> **EXERCISE**
Lines from the first one down to the one containing "A spacious room" in the data below are the only ones needed; please return them exactly, both ends included.

> **RECORDS TO USE**
# # # # #
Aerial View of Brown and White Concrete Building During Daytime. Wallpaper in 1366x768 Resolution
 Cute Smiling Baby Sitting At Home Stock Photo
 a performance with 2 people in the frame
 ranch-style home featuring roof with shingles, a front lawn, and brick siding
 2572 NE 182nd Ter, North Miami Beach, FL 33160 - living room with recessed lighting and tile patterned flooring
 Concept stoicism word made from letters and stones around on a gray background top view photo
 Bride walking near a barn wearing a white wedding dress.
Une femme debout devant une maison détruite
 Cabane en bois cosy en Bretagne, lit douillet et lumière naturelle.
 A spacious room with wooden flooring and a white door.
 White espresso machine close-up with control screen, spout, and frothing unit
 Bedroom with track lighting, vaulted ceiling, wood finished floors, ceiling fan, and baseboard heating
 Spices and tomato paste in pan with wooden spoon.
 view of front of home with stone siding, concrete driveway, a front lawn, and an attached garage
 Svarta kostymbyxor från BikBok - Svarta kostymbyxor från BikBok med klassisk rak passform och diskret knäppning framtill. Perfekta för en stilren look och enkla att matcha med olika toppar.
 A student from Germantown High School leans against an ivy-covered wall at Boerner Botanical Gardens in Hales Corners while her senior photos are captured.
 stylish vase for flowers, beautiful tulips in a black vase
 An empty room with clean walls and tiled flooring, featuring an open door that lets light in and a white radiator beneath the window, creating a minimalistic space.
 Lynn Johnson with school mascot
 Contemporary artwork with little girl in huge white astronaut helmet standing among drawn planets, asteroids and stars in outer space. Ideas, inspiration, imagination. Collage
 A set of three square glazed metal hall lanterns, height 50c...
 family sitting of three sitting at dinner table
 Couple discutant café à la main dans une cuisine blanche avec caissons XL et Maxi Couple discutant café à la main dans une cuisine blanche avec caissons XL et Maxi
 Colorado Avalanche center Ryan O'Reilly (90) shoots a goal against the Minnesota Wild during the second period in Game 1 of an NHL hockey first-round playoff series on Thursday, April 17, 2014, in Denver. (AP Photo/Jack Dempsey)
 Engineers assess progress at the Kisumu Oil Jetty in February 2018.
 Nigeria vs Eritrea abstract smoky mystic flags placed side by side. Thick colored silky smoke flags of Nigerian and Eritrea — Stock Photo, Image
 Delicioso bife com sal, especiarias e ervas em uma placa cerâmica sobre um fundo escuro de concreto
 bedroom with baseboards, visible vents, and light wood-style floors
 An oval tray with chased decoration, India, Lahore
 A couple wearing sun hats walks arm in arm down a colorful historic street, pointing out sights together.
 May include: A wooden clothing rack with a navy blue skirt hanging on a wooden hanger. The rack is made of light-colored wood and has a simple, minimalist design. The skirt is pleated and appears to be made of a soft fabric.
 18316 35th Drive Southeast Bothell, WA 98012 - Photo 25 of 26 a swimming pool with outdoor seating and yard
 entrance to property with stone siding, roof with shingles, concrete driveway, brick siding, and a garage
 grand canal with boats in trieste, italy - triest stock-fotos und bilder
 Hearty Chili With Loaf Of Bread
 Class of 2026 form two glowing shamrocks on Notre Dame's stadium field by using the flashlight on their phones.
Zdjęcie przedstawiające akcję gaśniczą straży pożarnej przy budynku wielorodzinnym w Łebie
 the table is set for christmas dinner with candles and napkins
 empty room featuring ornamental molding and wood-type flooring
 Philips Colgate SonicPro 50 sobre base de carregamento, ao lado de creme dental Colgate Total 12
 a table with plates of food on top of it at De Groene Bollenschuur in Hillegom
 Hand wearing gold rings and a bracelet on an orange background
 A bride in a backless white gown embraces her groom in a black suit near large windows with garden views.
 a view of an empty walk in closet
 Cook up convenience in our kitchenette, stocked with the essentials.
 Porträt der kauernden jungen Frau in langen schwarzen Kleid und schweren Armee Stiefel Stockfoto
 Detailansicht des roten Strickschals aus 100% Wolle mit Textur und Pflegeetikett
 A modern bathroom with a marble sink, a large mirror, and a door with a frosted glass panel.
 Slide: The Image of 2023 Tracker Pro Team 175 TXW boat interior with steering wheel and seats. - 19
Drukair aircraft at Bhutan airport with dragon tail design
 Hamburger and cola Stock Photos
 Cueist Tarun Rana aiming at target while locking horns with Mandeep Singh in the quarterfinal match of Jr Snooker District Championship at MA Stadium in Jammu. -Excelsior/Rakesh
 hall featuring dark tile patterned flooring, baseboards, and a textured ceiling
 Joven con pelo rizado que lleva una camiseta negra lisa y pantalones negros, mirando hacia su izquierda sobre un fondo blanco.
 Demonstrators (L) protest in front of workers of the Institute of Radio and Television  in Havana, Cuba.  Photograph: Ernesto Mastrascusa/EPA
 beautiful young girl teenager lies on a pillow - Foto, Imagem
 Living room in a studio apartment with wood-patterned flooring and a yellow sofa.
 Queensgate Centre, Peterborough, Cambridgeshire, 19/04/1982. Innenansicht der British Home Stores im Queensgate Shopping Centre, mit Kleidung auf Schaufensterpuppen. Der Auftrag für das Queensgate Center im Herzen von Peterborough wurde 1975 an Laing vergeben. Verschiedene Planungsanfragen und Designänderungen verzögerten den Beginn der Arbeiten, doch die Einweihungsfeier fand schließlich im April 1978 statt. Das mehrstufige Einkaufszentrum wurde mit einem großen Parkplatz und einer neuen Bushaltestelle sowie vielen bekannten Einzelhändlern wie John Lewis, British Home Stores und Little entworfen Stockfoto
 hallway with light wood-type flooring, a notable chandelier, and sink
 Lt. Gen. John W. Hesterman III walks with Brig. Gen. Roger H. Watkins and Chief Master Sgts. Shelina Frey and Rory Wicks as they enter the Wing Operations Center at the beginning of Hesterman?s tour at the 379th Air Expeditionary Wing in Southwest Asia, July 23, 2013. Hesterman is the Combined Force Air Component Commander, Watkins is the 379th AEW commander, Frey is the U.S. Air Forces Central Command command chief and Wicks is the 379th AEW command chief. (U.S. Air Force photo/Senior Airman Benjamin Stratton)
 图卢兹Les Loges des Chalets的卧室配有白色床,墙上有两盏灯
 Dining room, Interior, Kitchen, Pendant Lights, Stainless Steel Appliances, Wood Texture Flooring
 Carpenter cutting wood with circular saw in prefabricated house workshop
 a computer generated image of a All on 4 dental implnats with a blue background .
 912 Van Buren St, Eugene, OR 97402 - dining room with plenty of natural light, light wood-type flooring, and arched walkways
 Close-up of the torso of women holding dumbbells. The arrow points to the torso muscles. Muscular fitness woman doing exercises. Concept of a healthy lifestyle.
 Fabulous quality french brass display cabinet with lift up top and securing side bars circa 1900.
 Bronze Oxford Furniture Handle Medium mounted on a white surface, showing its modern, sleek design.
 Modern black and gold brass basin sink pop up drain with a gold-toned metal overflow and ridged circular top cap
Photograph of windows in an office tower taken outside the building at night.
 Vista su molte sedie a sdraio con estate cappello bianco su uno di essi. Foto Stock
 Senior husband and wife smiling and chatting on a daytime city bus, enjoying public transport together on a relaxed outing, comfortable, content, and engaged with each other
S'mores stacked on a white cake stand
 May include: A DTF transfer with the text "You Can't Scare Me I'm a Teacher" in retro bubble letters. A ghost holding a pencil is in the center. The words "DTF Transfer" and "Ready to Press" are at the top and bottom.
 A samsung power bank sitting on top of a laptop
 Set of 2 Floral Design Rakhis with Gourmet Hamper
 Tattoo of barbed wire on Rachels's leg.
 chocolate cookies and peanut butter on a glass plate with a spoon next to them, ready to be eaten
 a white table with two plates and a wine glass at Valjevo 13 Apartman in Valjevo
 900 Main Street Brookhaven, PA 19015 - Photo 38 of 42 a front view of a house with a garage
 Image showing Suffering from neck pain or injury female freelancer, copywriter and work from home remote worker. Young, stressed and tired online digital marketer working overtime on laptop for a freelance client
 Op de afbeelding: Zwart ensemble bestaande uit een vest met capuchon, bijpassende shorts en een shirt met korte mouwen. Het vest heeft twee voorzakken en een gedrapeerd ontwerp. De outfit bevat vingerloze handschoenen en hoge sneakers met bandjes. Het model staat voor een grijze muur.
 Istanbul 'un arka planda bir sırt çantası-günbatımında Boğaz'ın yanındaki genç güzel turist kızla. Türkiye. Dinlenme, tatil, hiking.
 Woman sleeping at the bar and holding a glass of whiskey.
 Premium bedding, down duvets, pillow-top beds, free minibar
# # # # #
> **FINISHED EXERCISE**
Aerial View of Brown and White Concrete Building During Daytime. Wallpaper in 1366x768 Resolution
 Cute Smiling Baby Sitting At Home Stock Photo
 a performance with 2 people in the frame
 ranch-style home featuring roof with shingles, a front lawn, and brick siding
 2572 NE 182nd Ter, North Miami Beach, FL 33160 - living room with recessed lighting and tile patterned flooring
 Concept stoicism word made from letters and stones around on a gray background top view photo
 Bride walking near a barn wearing a white wedding dress.
Une femme debout devant une maison détruite
 Cabane en bois cosy en Bretagne, lit douillet et lumière naturelle.
 A spacious room with wooden flooring and a white door.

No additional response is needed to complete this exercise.